• Extracted material:
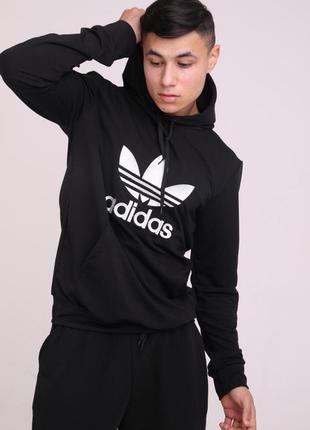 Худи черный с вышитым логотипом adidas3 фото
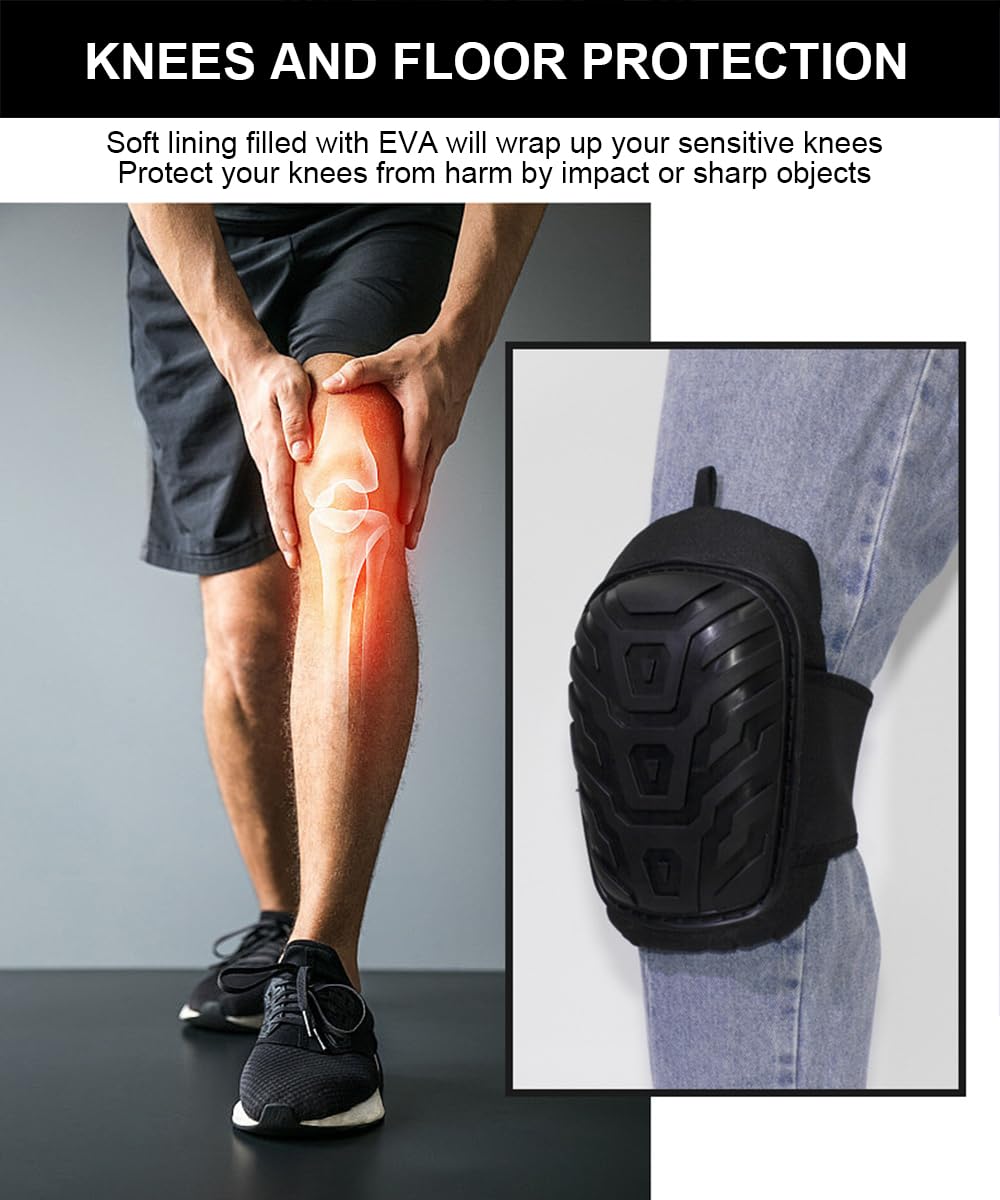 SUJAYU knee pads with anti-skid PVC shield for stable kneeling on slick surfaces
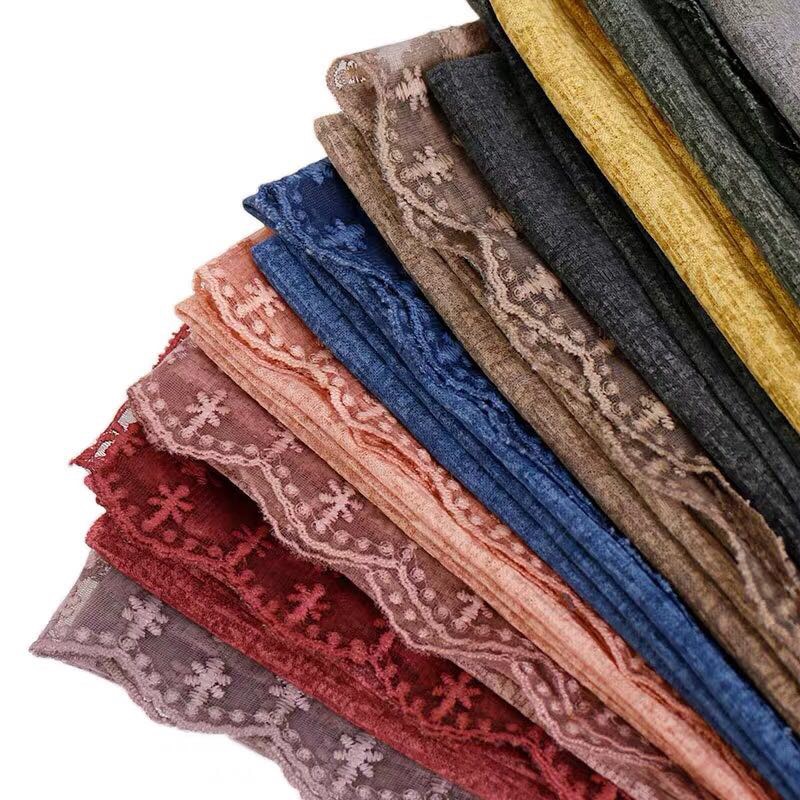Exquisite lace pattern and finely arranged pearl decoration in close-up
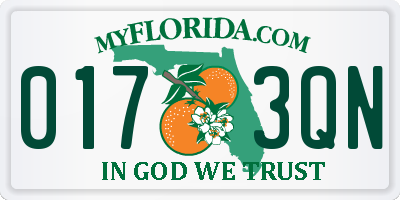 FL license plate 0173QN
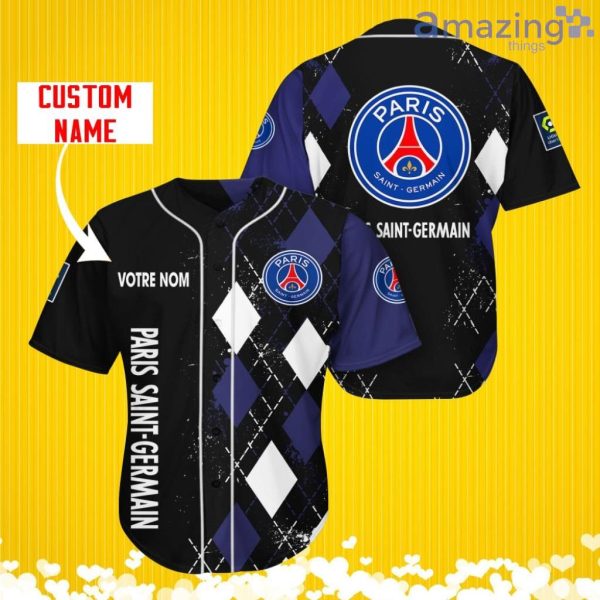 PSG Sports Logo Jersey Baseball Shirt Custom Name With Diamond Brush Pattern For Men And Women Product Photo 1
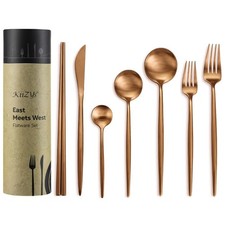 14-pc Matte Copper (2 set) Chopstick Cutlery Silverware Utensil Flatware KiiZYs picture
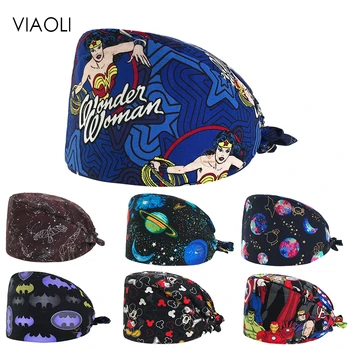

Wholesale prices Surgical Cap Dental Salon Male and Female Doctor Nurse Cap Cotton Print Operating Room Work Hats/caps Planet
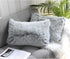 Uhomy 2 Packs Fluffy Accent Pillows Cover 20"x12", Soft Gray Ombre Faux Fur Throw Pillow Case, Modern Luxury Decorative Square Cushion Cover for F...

--

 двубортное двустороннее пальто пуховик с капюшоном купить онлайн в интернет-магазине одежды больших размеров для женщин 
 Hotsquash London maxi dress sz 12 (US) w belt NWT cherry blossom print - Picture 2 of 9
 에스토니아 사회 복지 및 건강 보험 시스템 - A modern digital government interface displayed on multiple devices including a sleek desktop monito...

• Work task: Only one stretch of the entries above is needed: the lines from the one containing "SUJAYU knee pads" through the one containing "Uhomy 2 Packs". Copy it exactly, without the pictures.

• Result of this task:
 SUJAYU knee pads with anti-skid PVC shield for stable kneeling on slick surfaces
Exquisite lace pattern and finely arranged pearl decoration in close-up
 FL license plate 0173QN
 PSG Sports Logo Jersey Baseball Shirt Custom Name With Diamond Brush Pattern For Men And Women Product Photo 1
 14-pc Matte Copper (2 set) Chopstick Cutlery Silverware Utensil Flatware KiiZYs picture

Wholesale prices Surgical Cap Dental Salon Male and Female Doctor Nurse Cap Cotton Print Operating Room Work Hats/caps Planet
 Uhomy 2 Packs Fluffy Accent Pillows Cover 20"x12", Soft Gray Ombre Faux Fur Throw Pillow Case, Modern Luxury Decorative Square Cushion Cover for F...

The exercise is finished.